Follow the examples along below and feel free to use them where you are. Let’s get started by importing our modules and taking a look at our data set.
import numpy as np
import pandas as pd
data = pd.read_csv("../Data/Fantasy_Football.csv")
data.head()
Our data has a host of data on our players’ fantasy football performance. We have their names, of course, and also their points and contributing factors (goals, clean sheets, etc.). Crucially, we have the players’ minutes played – allowing us to calculate their per 90 figures for the other variables.

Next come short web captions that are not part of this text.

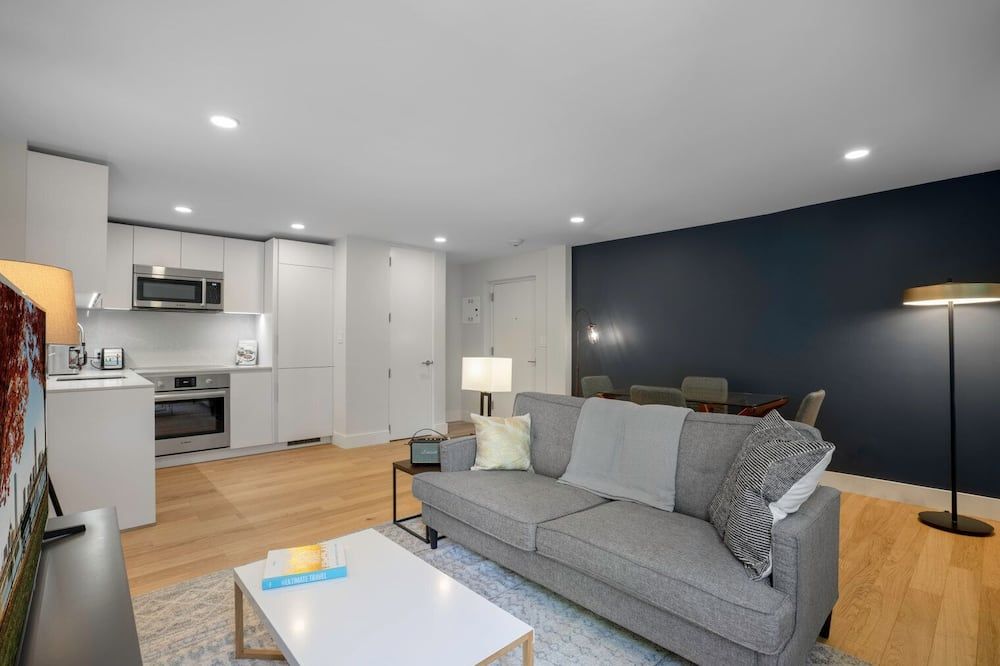 Spacious Harvard Square 2BR w/ W/D near Redline by Blueground - קיימברידג' - סלון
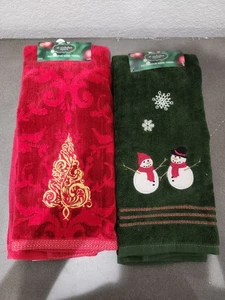2 Christmas Holiday Hand Towel Bathroom Decoration Red and Green - Picture 1 of 6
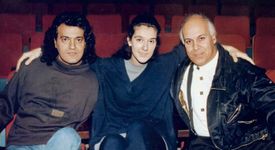 « Sans toi, cet album n’aurait pas existé. Merci » Céline, René et Vito Luprano... l’autre homme essentiel « Sans toi, cet album n’aurait pas existé. Merci » Céline, René et Vito Luprano... l’autre homme essentiel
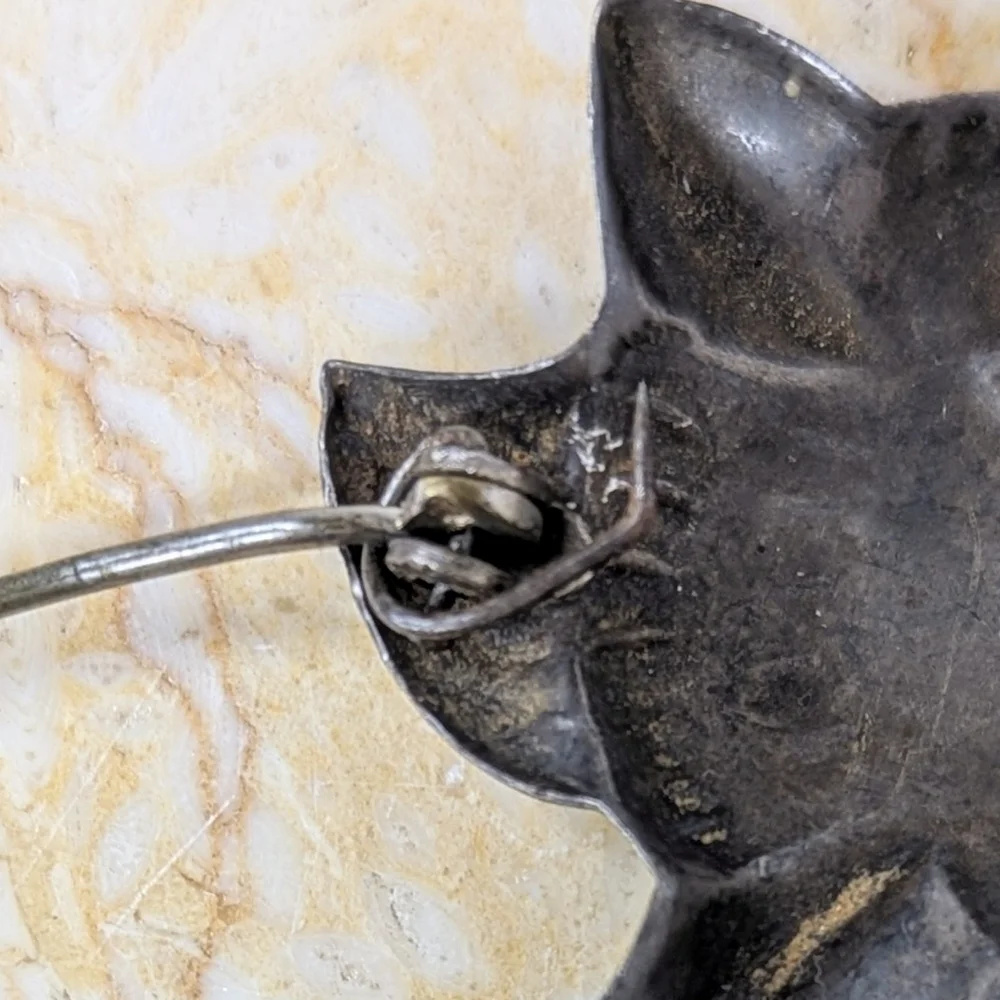 Vintage Pressed Sterling Silver Blue Ribbon Gold Eyes 1950's Kitten Cat Brooch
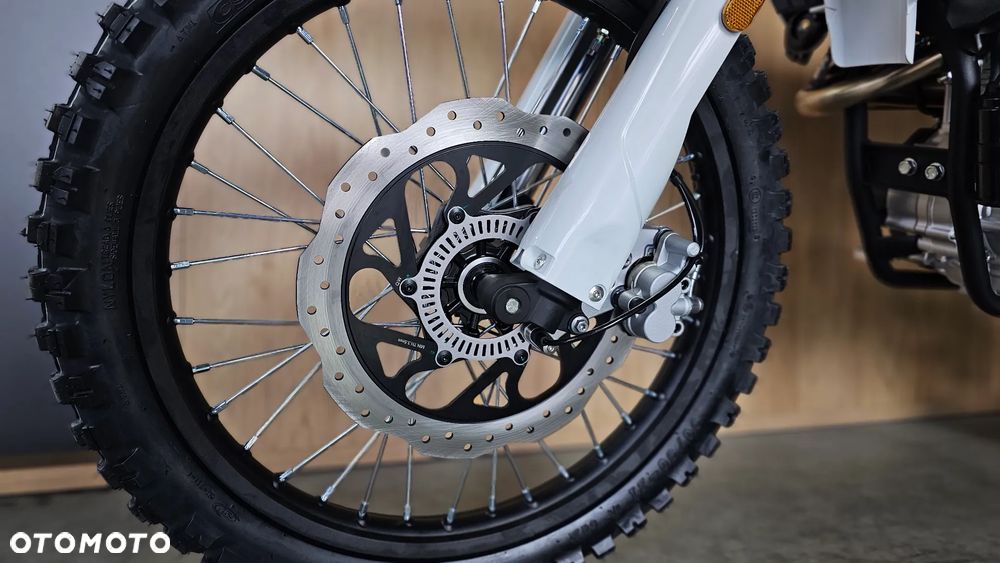 QJMOTOR COV 125X - 14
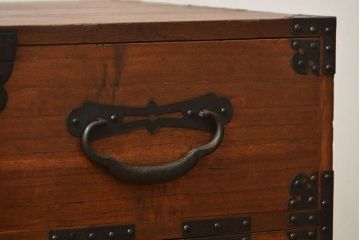 アンティーク家具　古民具・骨董 金具の立派な時代箪笥ローボード(ローチェスト、衣装箪笥)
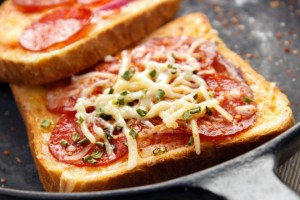 fare-la-pizza-con-pane-dei-toast-cassetta-tramezzino-risparmiare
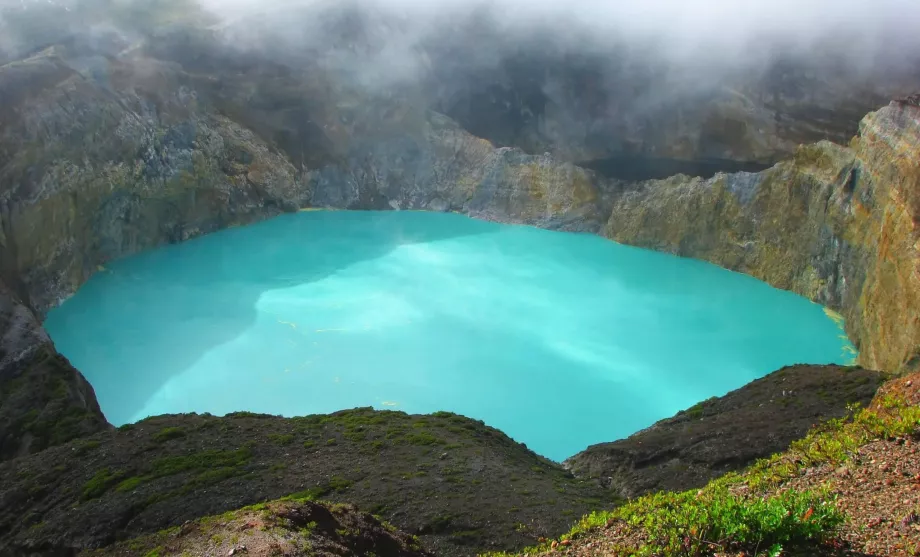 Keli Mutu Crater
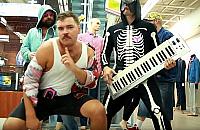 "Mało hajsu, dużo chęci". Hala Wola podbije YouTube?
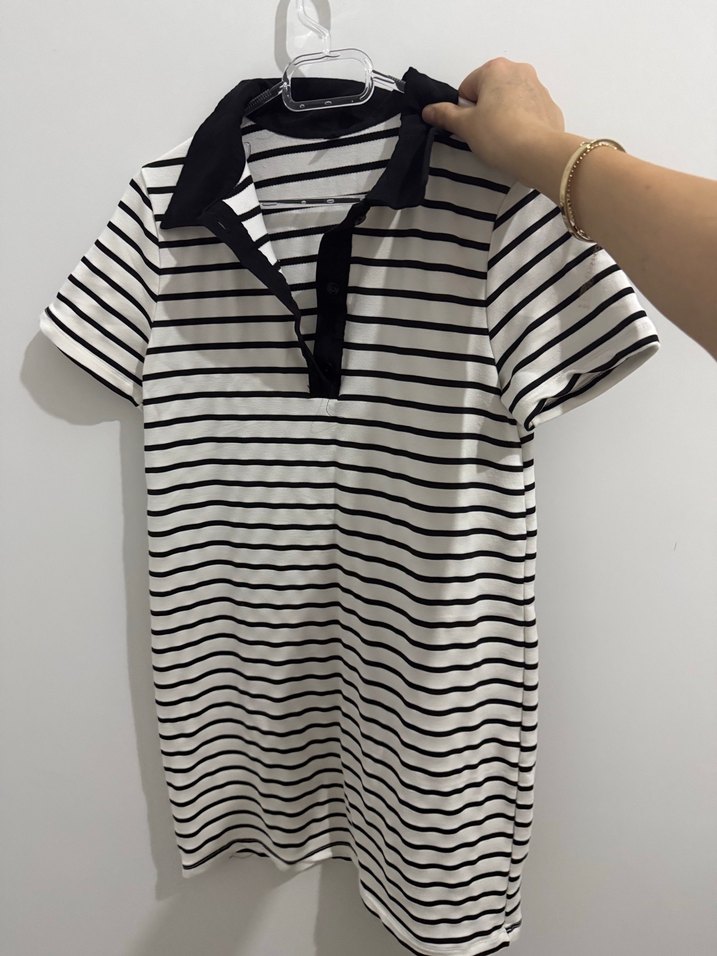 Düğmeli Siyah Yakalı Çizgili Midi Elbise - Görsel 2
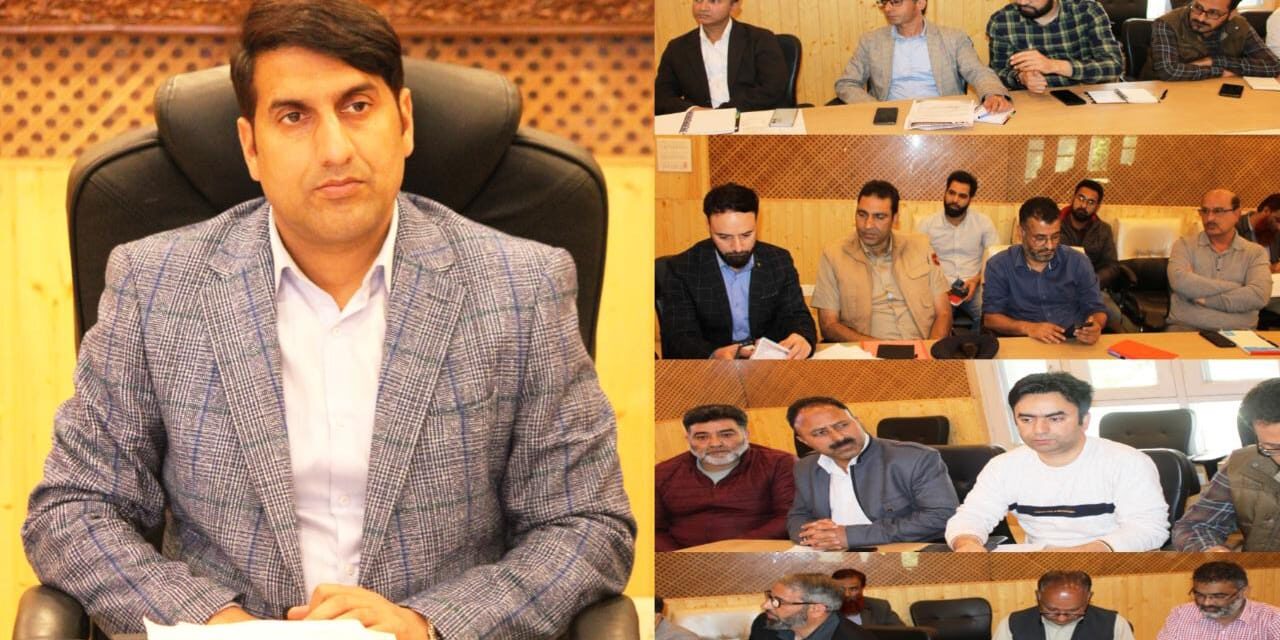 DC Srinagar holds meeting with Traders/Transporter Unions of Batamaloo;Constitutes ADC headed Task Force to formulate the Action Plan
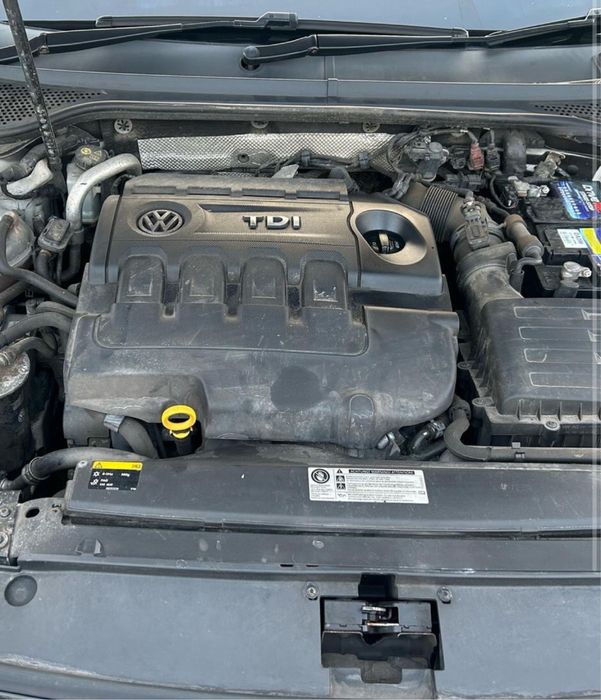 Motor Vw Passat B8 1.6 TDI Diesel DCX DCXA Piese Capota Bara Aripi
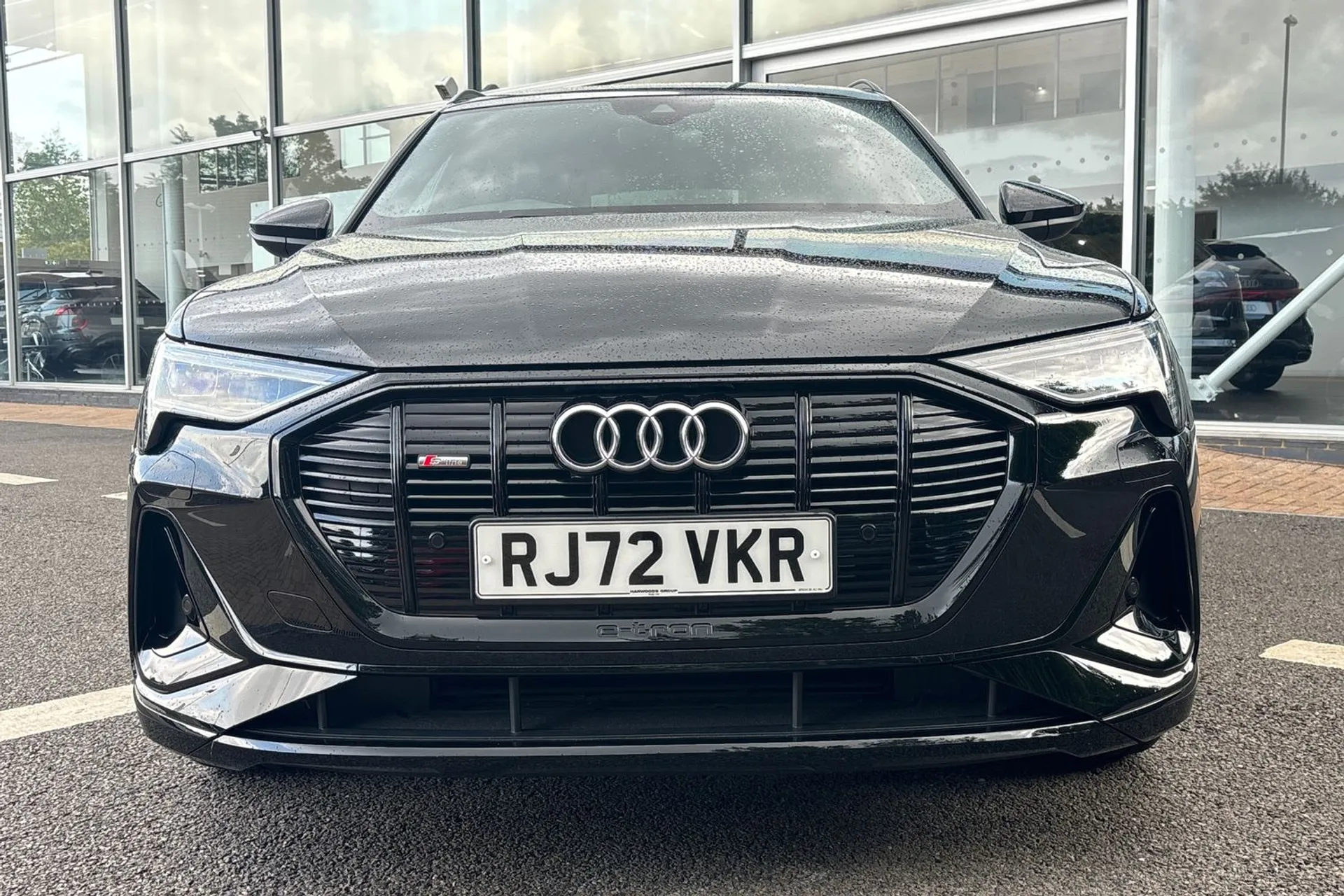 Audi e-tron thumbnail image number 12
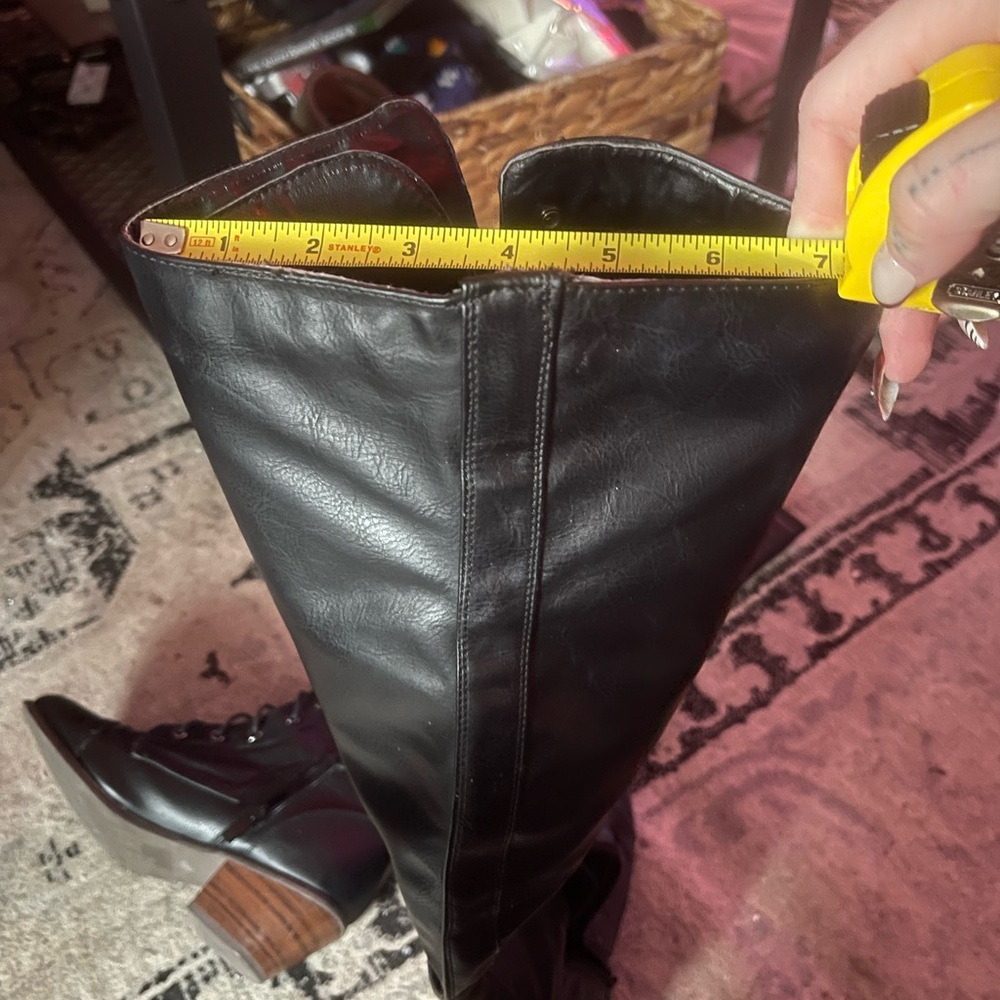 Knee high Black Lace Up Boots, warm fuzzy inside - Picture 15 of 16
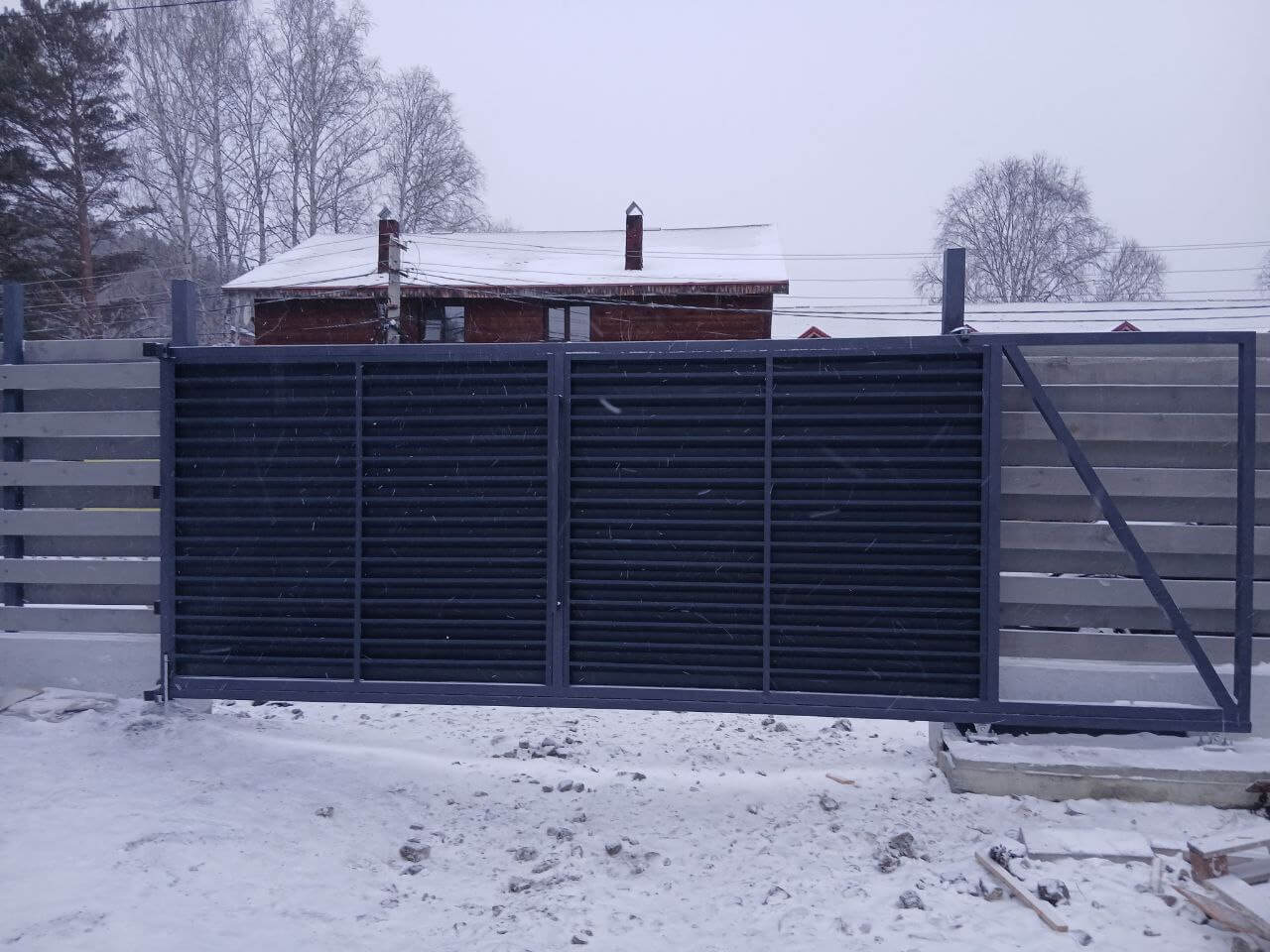 Входная группа из ламелей Хай-Тек RAL7024/7024 Серый Графит двусторонний МАТТЕ фото 17 в Петрозаводске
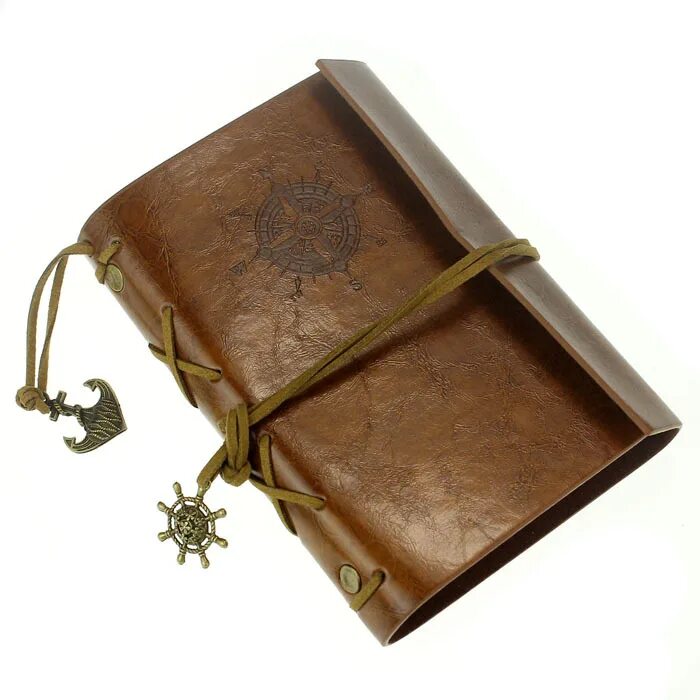 переплеты дневников. кожаная обложка для книги. журнал в мягком переплете. блокнот в стиле ретро. старая книга в кожаном переплете.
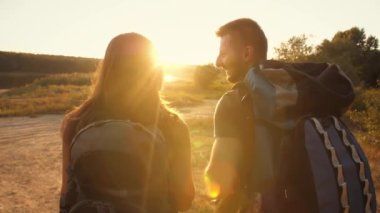 Kaç gün batımında sırt çantaları ile hiking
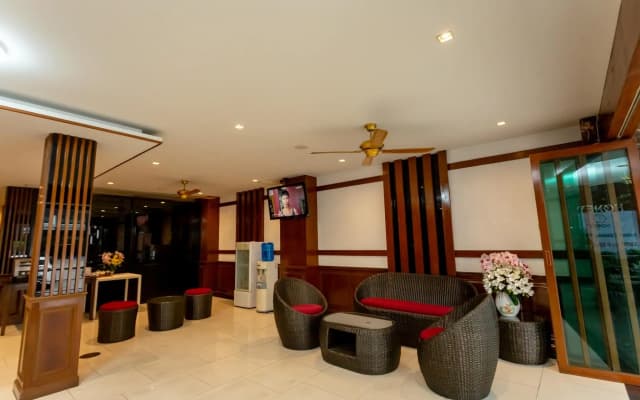 Honey Inn - photo 2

Calculating our per 90 numbers is reasonably simple, we just need to find out how many 90 minute periods our player has played, then divide the variable by this value. The function below will show this step-by-step and show Kane’s goals p90 in the Premier League at the time of writing (goals = 20, minutes = 1868):
def p90_Calculator(variable_value, minutes_played):
ninety_minute_periods = minutes_played/90
p90_value = variable_value/ninety_minute_periods
return p90_value
p90_Calculator(20, 1868)
There we go, Kane scores 0.96 goals per 90 in the Premier League! Our code, while explanatory is three lines long, when it can all be in one line. Let’s try again, and check that we get the same value:
def p90_Calculator(value, minutes):
return value/(minutes/90)
p90_Calculator(20, 1868)
Great job! The code has the same result, in a third of the lines, and I still think it is fairly easy to understand.
Next up, we need to apply this to our dataset. Pandas makes this easy, as we can simply call a new column, and run our command with existing columns as arguments:
data["total_points_p90"] = p90_Calculator(data.total_points,data.minutes)
data.total_points_p90.fillna(0, inplace=True)
data.head()
And there we have a total points per 90 column, which will hopefully offer some more insight than a simple points total. Let’s sort our values and view the top 5 players:
data.sort_values(by='total_points_p90', ascending =False).head()
Huh, probably not what we expected here… players with 1 point, and some surprisng names too. Upon further examination, these players suffer from their sample size. They’ve played very few minutes, so their numbers get overly inflated… there’s obviously no way a player gets that many points per 90!
Let’s set a minimum time played to our data to eliminate players without a big enough sample:
data.sort_values(by='total_points_p90', ascending =False)[data.minutes>400].head(10)[["web_name","total_points_p90"]]
That seems a bit more like it! We’ve got some of the highest scoring players here, like Salah and Sterling, but if Austin, Lingard and Bernardo Silva can nail down long-term starting spots, we should certainly keep an eye on adding them in!
Let’s go back over this by creating a new column for goals per 90 and finding the top 10:
data["goals_p90"] = p90_Calculator(data.goals_scored,data.minutes)
data.goals_p90.fillna(0, inplace=True)
data.sort_values(by='goals_p90', ascending =False)[data.minutes>400].head(10)[["web_name","goals_p90"]]
Great job! Hopefully you can see that this is a much fairer way to rate our player data – whether for performance, fantasy football or media reporting purposes.
Summary
p90 data is a fundamental concept of football analytics. It is one of the first steps of cleaning our data and making it fit for comparisons. This article has shown how we can apply the concept quickly and easily to our data. For next steps, you might want to take a look at visualising this data, or looking at further analysis techniques.